Restate word for word the lines below that run from the one holding "Stone Island White" through the one holding "ZEYA - Ruth", inclusive. Pictures don't belong in the copy.

* **Data for analysis**:
============

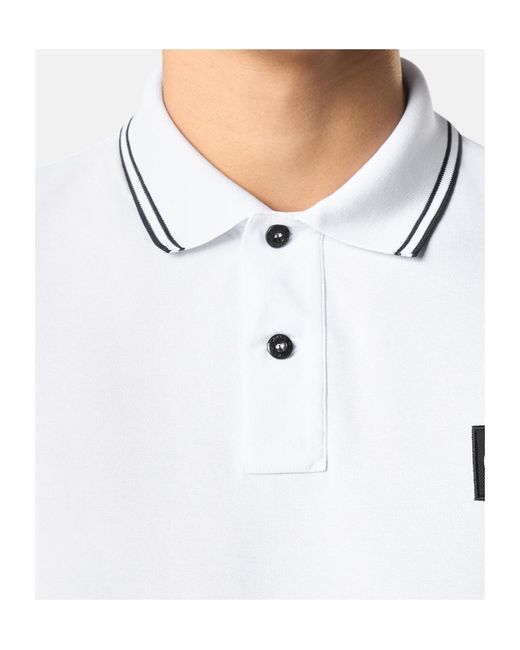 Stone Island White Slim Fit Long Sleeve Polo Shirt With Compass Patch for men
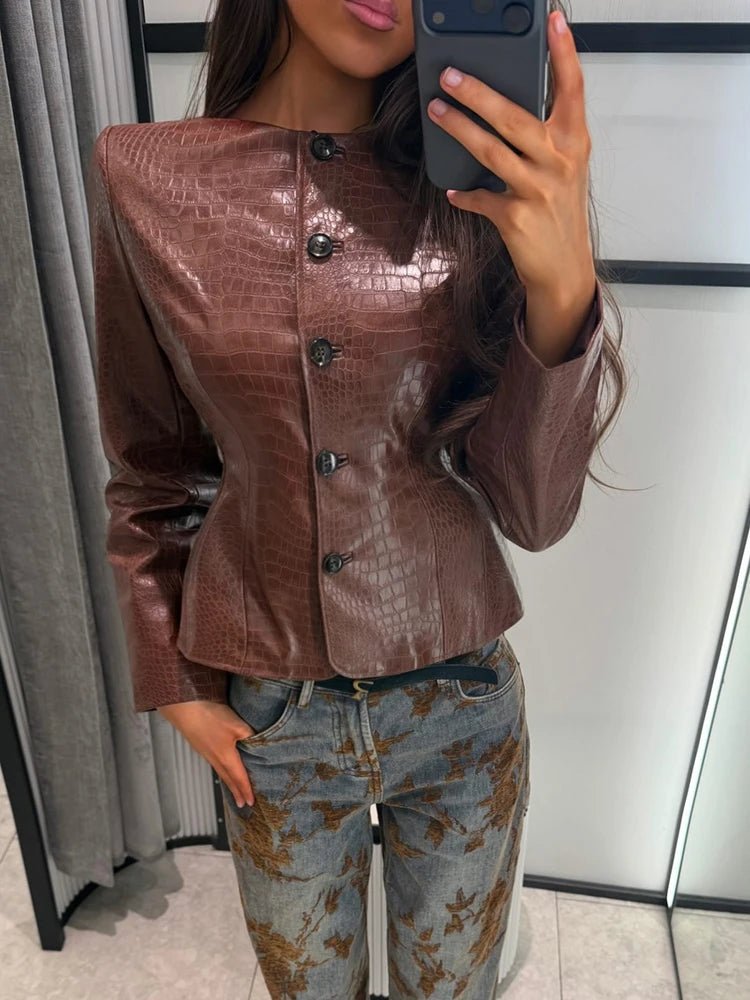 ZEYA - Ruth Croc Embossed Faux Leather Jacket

============

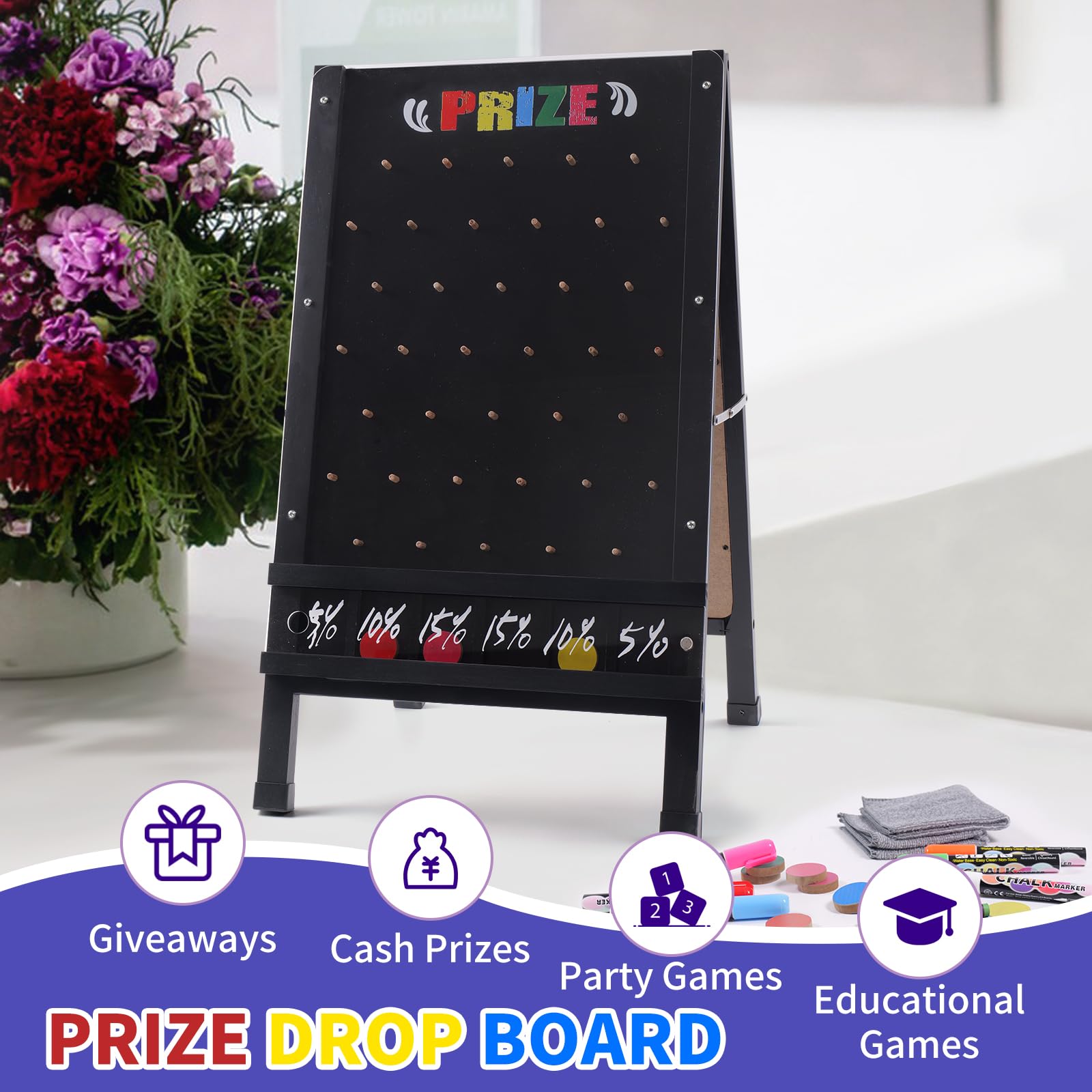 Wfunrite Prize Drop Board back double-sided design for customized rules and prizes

============

* **Written answer**:
 Stone Island White Slim Fit Long Sleeve Polo Shirt With Compass Patch for men
 ZEYA - Ruth Croc Embossed Faux Leather Jacket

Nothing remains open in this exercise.